The Bookworm is searchable using the whole corpus of texts or various subsets based on extracted metadata. Right now the only metadata being extracted are author and recipient, but I hope to expand to more metadata in the future, particularly metadata from log entries.
Bookworm allows the user to look at search results using four metrics: number of words, number of texts, percent of words, percent of texts. In a corpus like mine, these metrics make a big difference, because the earlier years of the data have exponentially fewer texts than the later years. So it’s important to read the results using the proper metric.
Reflections on Process
The process of getting the texts ready to feed into Bookworm was probably the most difficult aspect of the whole project. I learned a great deal about the usefulness and foibles of regular expressions, and I also learned how to chunk large texts into smaller documents that could be more easily managed. My Python skill going into the semester was minimal; after this semester, I think I have a much better handle on how Python in general works. Now I think I have enough of a sense of the syntax and vocabulary of Python that I could probably work up scripts to do other things without feeling completely lost. Similarly, I have been able to use the skills I learned in creating this input file to create other programs that extract data from text files.
Does my Bookworm work?
To be frank, right now, the Bookworm doesn’t really work that well. The OCR problems that plagued the creation of the input file are also problematic for the output. This OCR difficulty makes it hard to judge the Bookworm’s usefulness. It’s not just that spelling variants, or even the poor OCR in places, cause the word counts to be off. The OCR problems have also affected the metadata that is being used to create those trend lines. It’s easy enough to throw out the year 1210 as an incorrect date, but it’s impossible to throw out the year 1803, for instance, without individually checking to make sure it is not the right year, and in many instances, “1803” is being found instead of “1802” or “1805.”
Right now the Bookworm’s subsets of author and recipient are also in pretty bad shape, so their functionality is limited. The way to fix this problem may be to do some data cleanup just like I have had to do with another project I’ve been working on for Viral Texts; it is not technically hard to do, though the regex writing can be time-consuming. But since this is a really helpful feature of the Bookworm, I do want to get it working at maximum efficiency if possible.
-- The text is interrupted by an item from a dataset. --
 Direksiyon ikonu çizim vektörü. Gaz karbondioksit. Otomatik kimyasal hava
If I want to track people, ships, and places, disambiguation also becomes a problem. This is, of course, a problem no matter what kind of text analysis tool you are using. It’s not the problem that Michel et al. have, where words change meaning over the course of time. But words do change meaning depending on place in my data set. The city of Philadelphia is a far cry from the USS Philadelphia, but the two are both important in the story. Similarly, the USS President has nothing to do with the President of the United States, but both matter in the Barbary Wars. The full-text of the individual documents can help us figure out which is which, but it doesn’t give us a way to remove hits that aren’t what we’re actually looking for. (Maybe this feature can be added to Bookworm sometime, though it would only be useful for small Bookworms like mine.)
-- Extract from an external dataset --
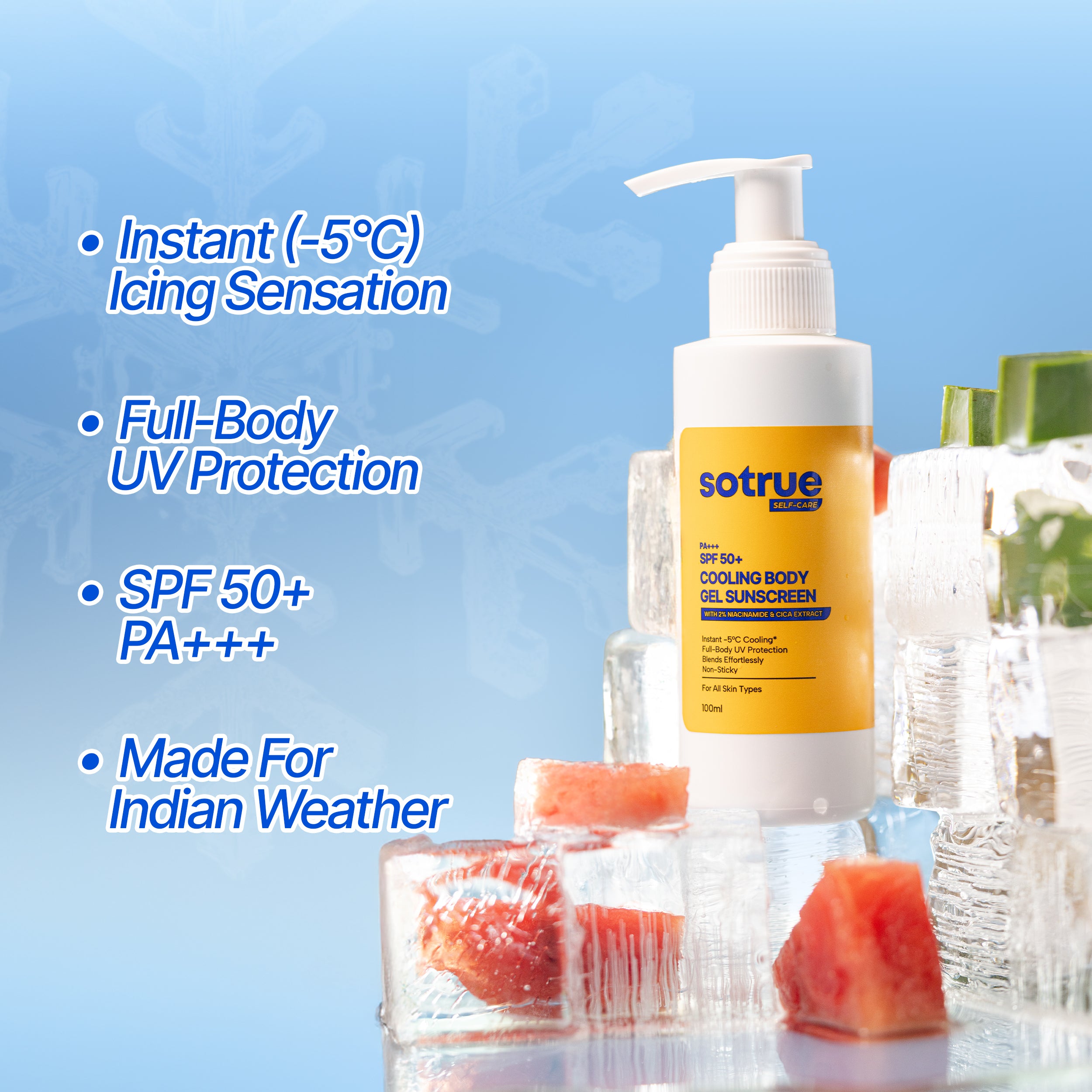 Cooling Body Gel Sunscreen | SPF 50+ PA+++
Bookworm, as with most blunt instruments, is very dull when it comes to detecting small differences in the texts. It’s nice to be able to turn off case sensitivity, but even with that ability, Bookworm can’t detect the difference between the singular and plural of the same word, or variant spellings of the same word. It’s these difficulties that drive me toward topic modeling, though that method has its own host of problems.
Does it matter that it doesn’t work?
At this point, I have to begin asking: How good is good enough? What is the threshold past which the inaccuracy is too much? For a corpus of millions of books, these legibility issues seem less important, but for a small corpus like mine, every word feels like it counts more. I’m not sure if there’s a metric for how significant OCR errors are, but it seems like my OCR errors are a bigger problem than Google’s are. The date problem is the most worrying, as it messes up the whole point of tracking word changes over time. With such a small corpus, I may just have to go in and do a bit of hand-correction where the problems seem particularly severe, in order to fix these errors.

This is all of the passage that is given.